# [ACTIVITY]
Write out every line below again exactly as it stands, skipping each image.

# [DATA SEGMENT]
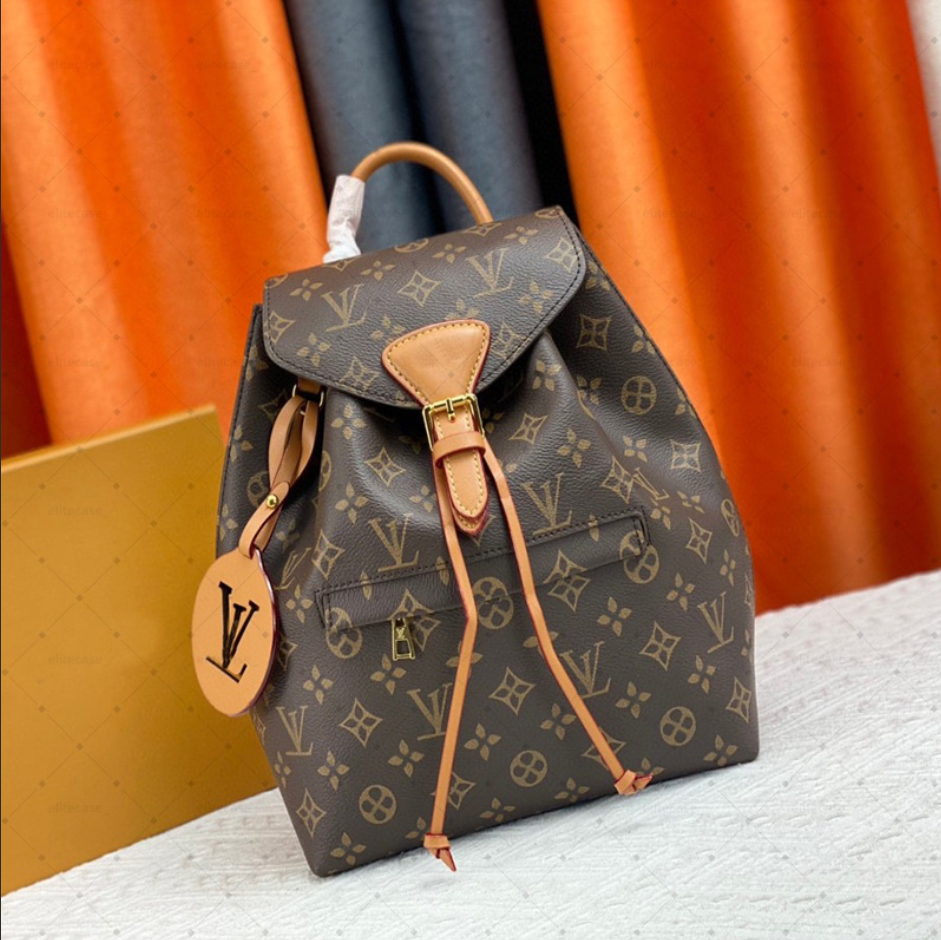 TOP Mirror Quality Montsouris Monogram Empreinte designer bags for women highest quality Backpack Schoolbag Packsack Knapsack Double Shoulder Backpa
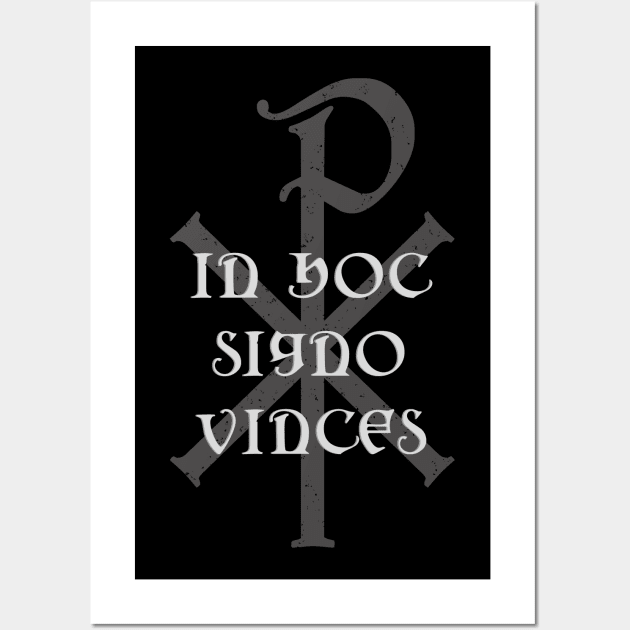 IN HOC SIGNO VINCES Chi Rho Christogram Wall Art by Beltschazar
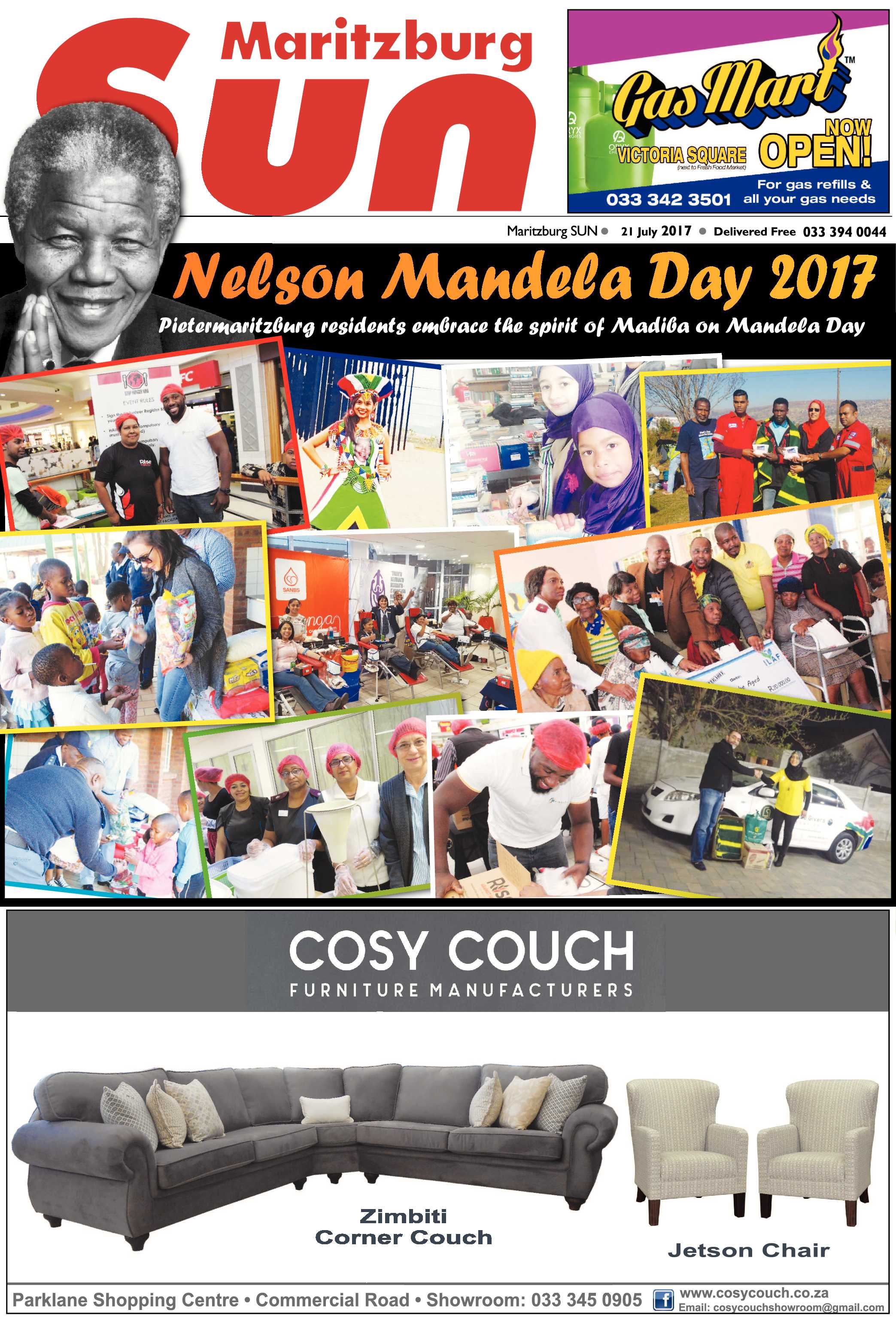 Maritzburg Sun 21-07-2017 page 1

# [WRITTEN RESPONSE]
 TOP Mirror Quality Montsouris Monogram Empreinte designer bags for women highest quality Backpack Schoolbag Packsack Knapsack Double Shoulder Backpa
 IN HOC SIGNO VINCES Chi Rho Christogram Wall Art by Beltschazar
 Maritzburg Sun 21-07-2017 page 1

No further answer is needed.